Do you tap into God’s wisdom through prayer in your busy life? Consider “apron prayers” and find the discernment, comfort and hope you need.

Almost three hundred years ago, a young man named John Wesley felt his heart “strangely warmed” by a personal experience of God’s grace. John and his brother, Charles, became major players in church history when their “Holy Club” at Oxford, England, eventually sparked what became the Methodist movement (part of the great stream of church history from which my own Nazarene heritage flows). Charles, with his gift of music, wrote countless hymns that still shape worship today, including “And Can It Be That I Should Gain” and “Hark! The Herald Angels Sing.”

The mother of John and Charles Wesley, Susanna (actually mother to nineteen children, ten of whom survived to adulthood), was much like the Bible’s Lois and Eunice, who transmitted the faith to Timothy. An amazing mom, she invested deeply in the education and faith development of her children. She homeschooled all of them, including her girls, refusing to have the girls share in any domestic chores until they had learned how to read and write (not just English, but also in Latin). I don’t have to tell you how rare that choice was in the early 1700s. And I have to believe it would have been an amazing sacrifice to not have the domestic help of her daughters while homeschooling and serving as a pastor’s wife.
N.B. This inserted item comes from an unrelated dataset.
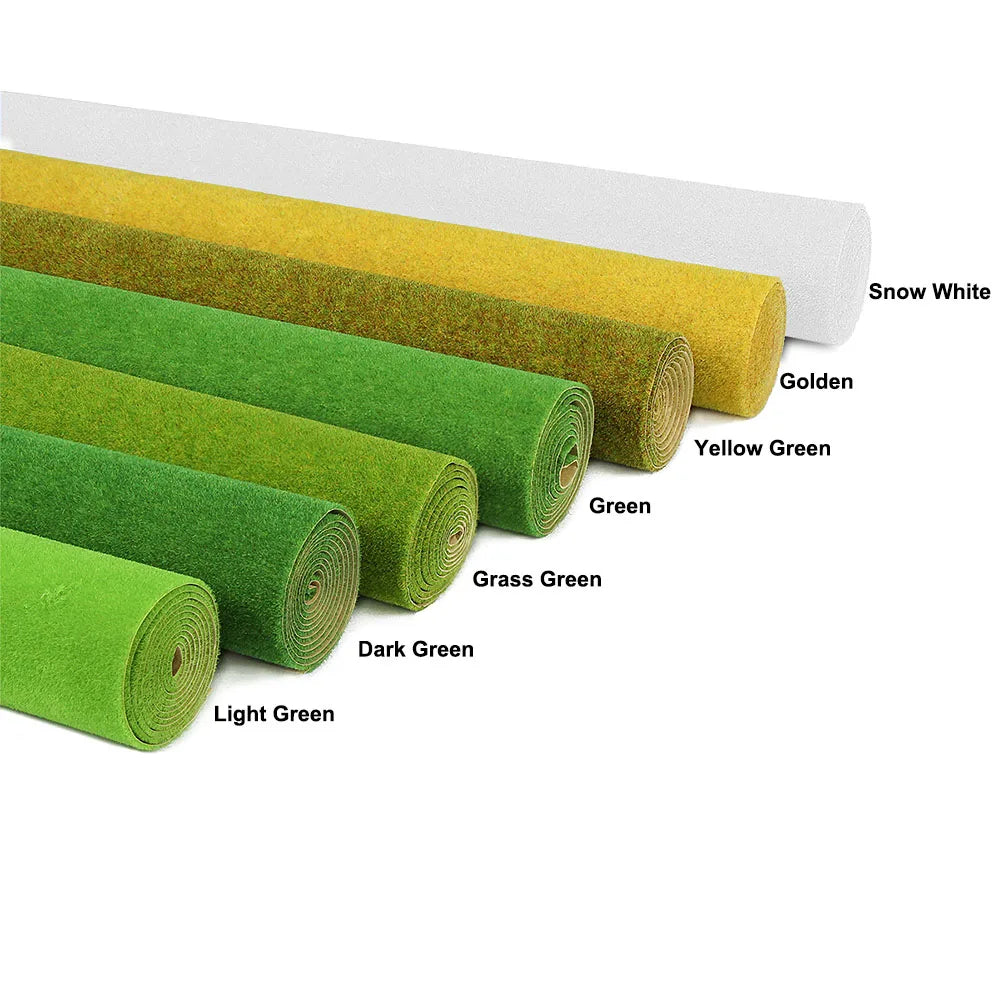 Evemodel-alfombrilla de césped de 0,4 m x 1m, modelo de césped Artificial verde, alfombras de césped para modelo arquitectónico, diseño de tren de paisaje, escala HO O N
A woman of singular faith, Susanna is famous for what I call her “apron-over-the-head move.” Whenever in the midst of her busy daily life she felt the need to talk to God, but couldn’t get quiet time away, she would simply pull her apron up over her head (a signal her children quickly learned to honor). Right then and there, in the privacy of her apron covering, she would talk to God, seeking His wisdom and direction. I think all women with deep faith must have their own version of the apron-over-the-head move.

One of the most important gifts Susanna received through her apron prayers is the gift of discernment, that amazing ability to see beneath the surface and beyond the present moment to hear and apply God’s perspective to our current context. When it comes to understanding our calling as women, discernment is priceless.
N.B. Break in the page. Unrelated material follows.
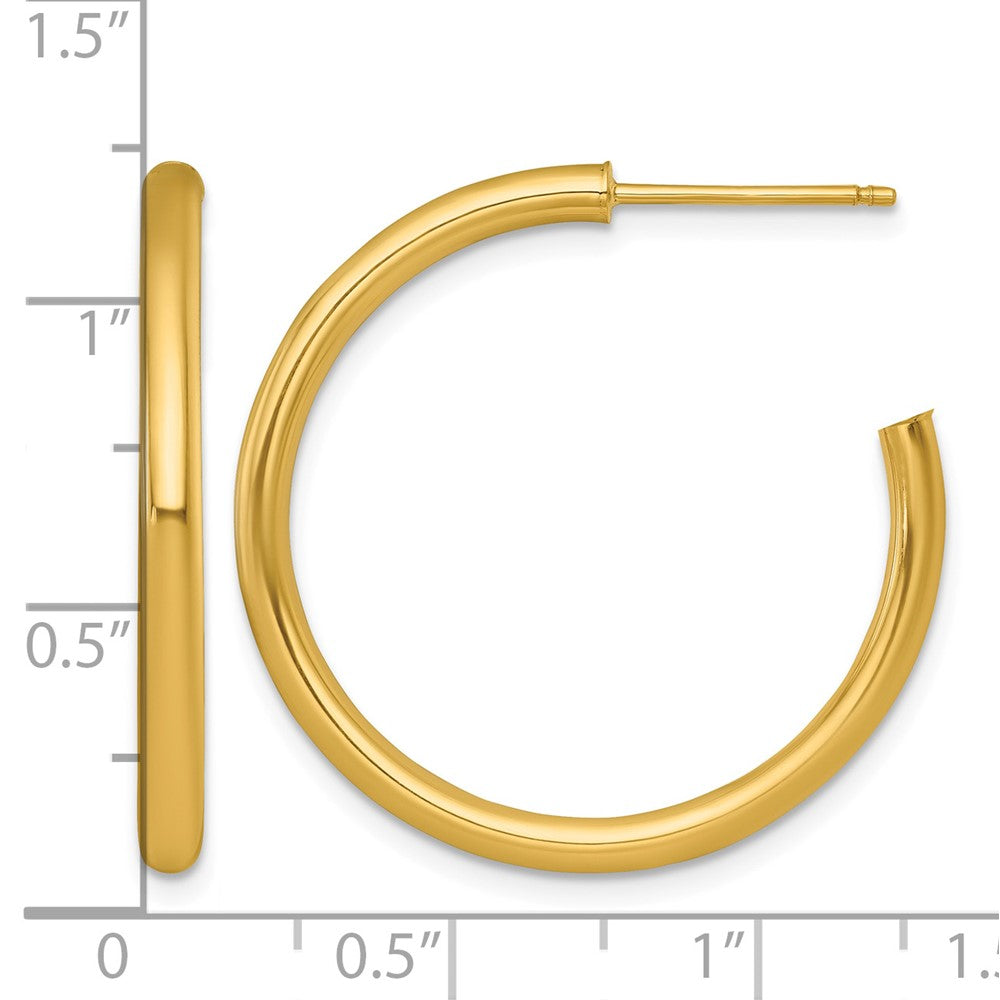14k 2.5 x 30mm Polished Post Hoop Earrings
My friend Mia would laugh at the comparison, but she reminds me a lot of Susanna Wesley. Along with parenting her three gifted teenage boys, she also manages to work two demanding jobs and is deeply involved in serving her church, friends, and community. In other words, she is a woman who leans into her calling with all her soul. As I have grown to know her more deeply, I have become increasingly aware that her discerning “apron prayers” infuse her activity with a quality of joy and aliveness that is rare and precious. What a gift!

Recently, she sent me an apron-prayer text as I faced some new health challenges: “God, give Leslie the strength and stamina for this journey and fill it with the sweetest reminders of your overflowing love for her and her three boys and Les. Jesus, this is your story start to finish. Every provision, doctor, nurse, miracle, tear, discomfort, comfort, grace, and healing! You are the author of our faith and hope! Thank you, Jesus, for carrying Leslie.”

So often what we are called to appears so ordinary and unadorned that, save for apron prayers, we may just miss the brightness and beauty God is inviting us to. The gift of discernment, for instance, invites us to step into a calling that turns the clay pot of an ordinary text message into a masterpiece of prayerful comfort.